Allan, fascinated by his find, adopts D’Agostino, but not as a son or little brother to educate and nurture. Instead, Allan treats D’Agostino like a dog, feeding him from a plastic bowl and giving him sharp one-word commands. As days pass and his fascination grows, Allan starts to treat D’Agostino as a sex slave. It’s as though D’Agostino’s lack of identity has thrown Allan’s own sense of himself into question, and the power that comes with ownership (finders are keepers, after all) transforms and, perhaps, corrupts Allan.

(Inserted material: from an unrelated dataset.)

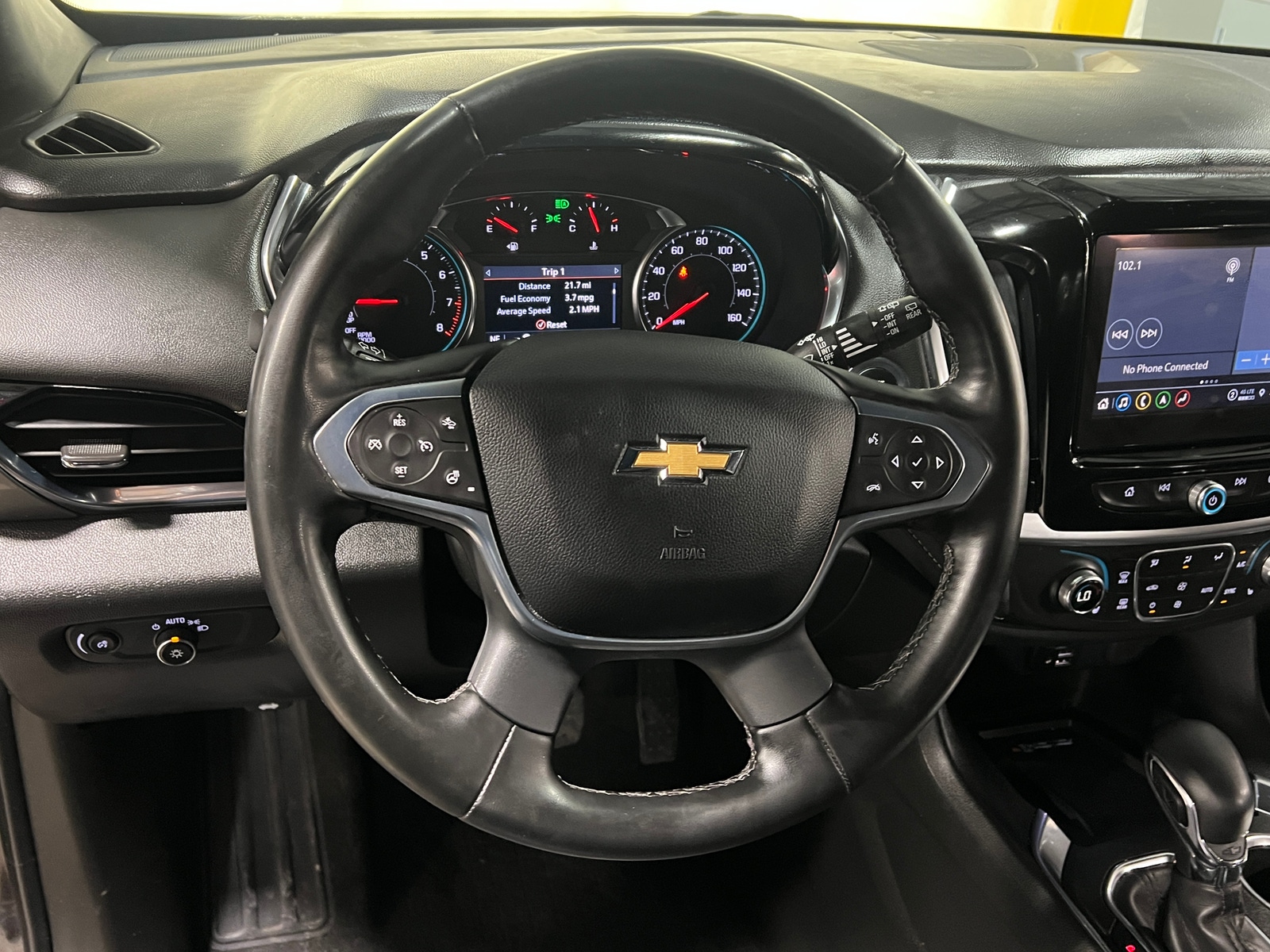 Thumbnail: 2023 Chevrolet Traverse - 4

All well and good, until this strange story gets stranger with a sudden, inexplicable transformation that hints at another level of identity shift -- but this late-breaking idea, while intriguing, belongs in a different, more futuristic movie. The final scene, an unholy and outrageous blend of horror and sexual domination, belongs in a different genre of movie altogether.
"D’Agostino" races wildly off the beaten path, and it mostly works in spite of its flaws. The cinematography by Zach Voytas makes good use of the location (though the streets are eerily deserted). What doesn’t work well is the soundtrack, which is often dim and sometimes hopelessly garbled. Even so, the story and scenery keep you watching: This is a good rental for fans of late-night chill-and-thrill fare with a little sexy zest thrown in.
This DVD release includes no bonus features.